Try it:
Only a slice of the listing below is wanted. Retype the lines from the one containing "Wild boar hunt" through the one containing "Huon Hill Lookout", exactly, both ends included.

Provided entries:
[Start of section]

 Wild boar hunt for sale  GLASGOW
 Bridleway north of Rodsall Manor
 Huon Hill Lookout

[End of section]
[Start of section]

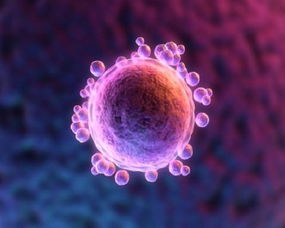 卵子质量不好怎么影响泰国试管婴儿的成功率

[End of section]

Exercise result:
 Wild boar hunt for sale  GLASGOW
 Bridleway north of Rodsall Manor
 Huon Hill Lookout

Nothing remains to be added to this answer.